Oh, and I have hit 200 likes. It nags me to create a post thanking people. My view: best way to thank them is not crap up their news feeds with stupid posts of that sort, and instead focus on posting something fun or educational or topical. For example, something for International Women’s Day. Another ad sales nag as well; this one offering me a free credit. What do you bet I wouldn’t have gotten one of those had I just plunged headlong and started buying ads? Sorry, but I don’t want to create more FB ads even if Zuck gives them to me free.

Day six: it’s time for the daily advertising sales nag! One senses that I had better get used to these. The clickable spots are positioned close to where one would normally hit X to close an unwanted dialog box. Surely this is accidental. Surely.
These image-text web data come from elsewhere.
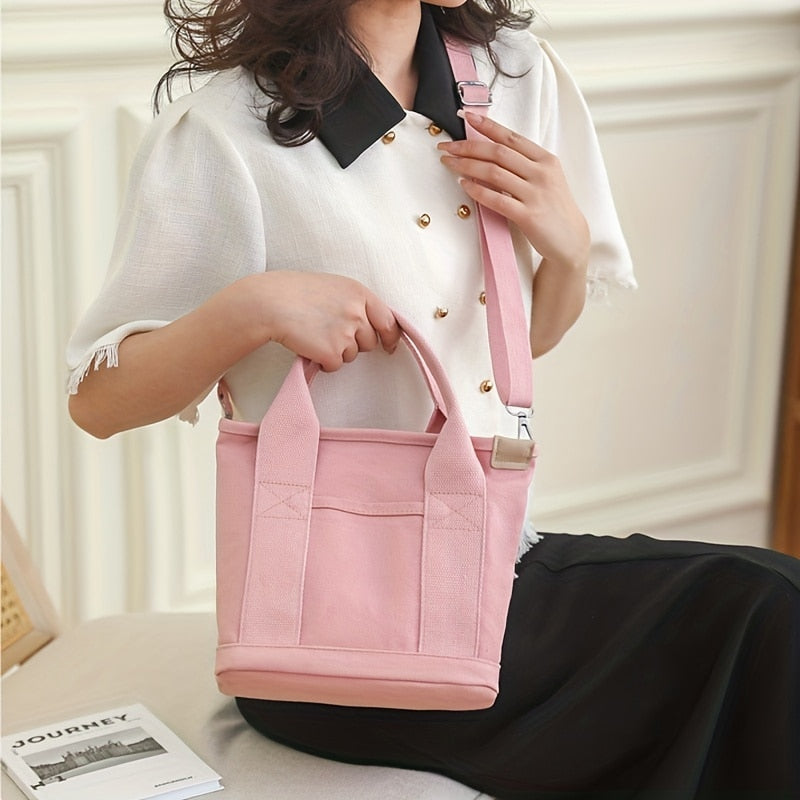 ToteBag Multi-Pocket Handtasche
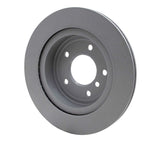 Dynamic Friction 2009-2016 BMW Z4 Rear Brake Rotor (300x20 Vented) by Dynamic Friction Company 600-31098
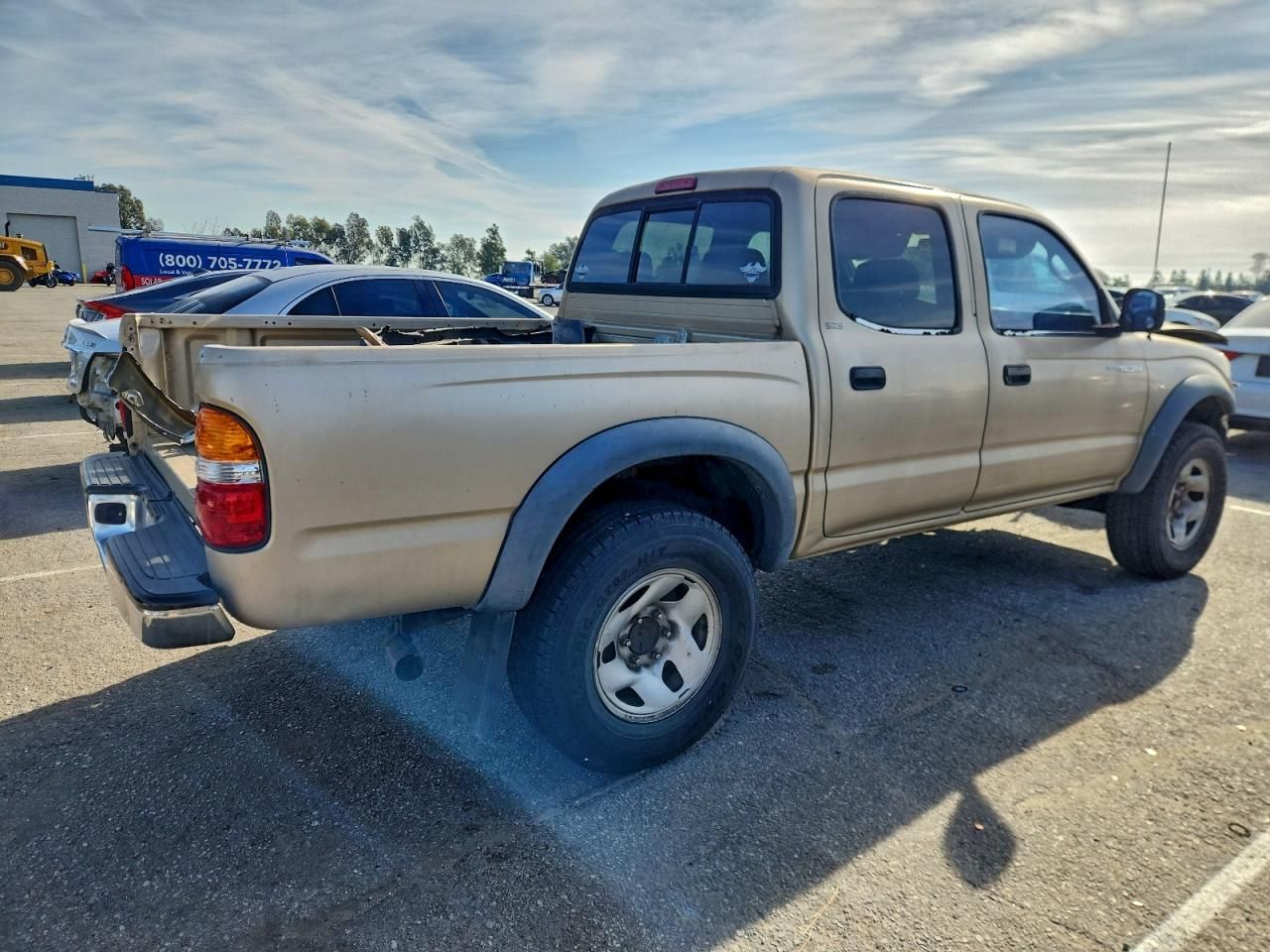 2002 Toyota Tacoma Double cab Prerunner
Day seven. Yesterday, I set my mail checker to mark anything from FB’s ad sales as spam. Since they show signs of planning to do this daily nag for an open-ended period, this will make them easier to ignore. That’s the best I can do, since the notion of getting them to cease sending this spam is problematic.

One thing I have found is that when I post a link to a blog post, and it gets shared, I get a spike in reads. I am grateful to those who do this. It’s the only way that the reach from such a page is likely to increase without drinking the FB ad cool-aid.

Day nine: now the page presents me with a banner called Page Education. It suggests that I learn ‘easy tactics’ to grow the page’s popularity, such as re-spamming my friends–all of whom already got one spam; those who didn’t ‘like’ as a result, no doubt, will be more persuaded to do so by bothering them further. They also suggest sharing it to my personal timeline. As if; one of the key objectives here was to decouple my public presentation from my private life. Another easy tactic: nag my friends to recommend my page. Yeah, because beggary is such a classy look.

Yeah, so forget those. I have a better idea: post actual content that people might enjoy.

Day ten: now it’s nagging me to set up automatic responses to new messages. As if I get such an avalanche of new PMs that I need an answering service. An automatic response is no response, and therefore only annoys; might use it when on vacation, or otherwise well away from the blog. Today must be response day because there’s also a nag to increase my response time. If I trim it down to fifteen minutes, I am told, I will get to wear a special badge. Let me guess: it’s the badge that says “I have no life except to respond to these messages.”

Naturally, there’s also a nag to get started with automated ads. Those are beginning to fade into the wallpaper for me.

Day eleven: since this was the day Facebook was borcked in most ways for most of the US daylight hours, as a side benefit, I didn’t get any nags. Either that or I am better every day at ignoring them. Now and then I’m going to repost some older posts from here. Naturally, for the much older ones, I will do some hasty editing so that I don’t have to post them with a bag over the profile picture.

I suppose it’s time to tie this up with a bow. The experience was chaotic, and felt designed to overwhelm–to inspire one to just say yes to some of the things, in order to still at least a few of the yammers. It doesn’t work on me because I have at least some technical background and have the attitude of a constipated badger when I feel pressured, but it probably works on enough people that it generates some advertising revenue.

On the positive side, there’s a moderately refined mechanism for private conversation engagement if someone PMs me. Some of the statistics are nice, even if they do turn out to be nag platforms: “This post is performing better than 75% of your other posts–Boost it for greater reach!”

At least it’ll offer a good place to post links for these.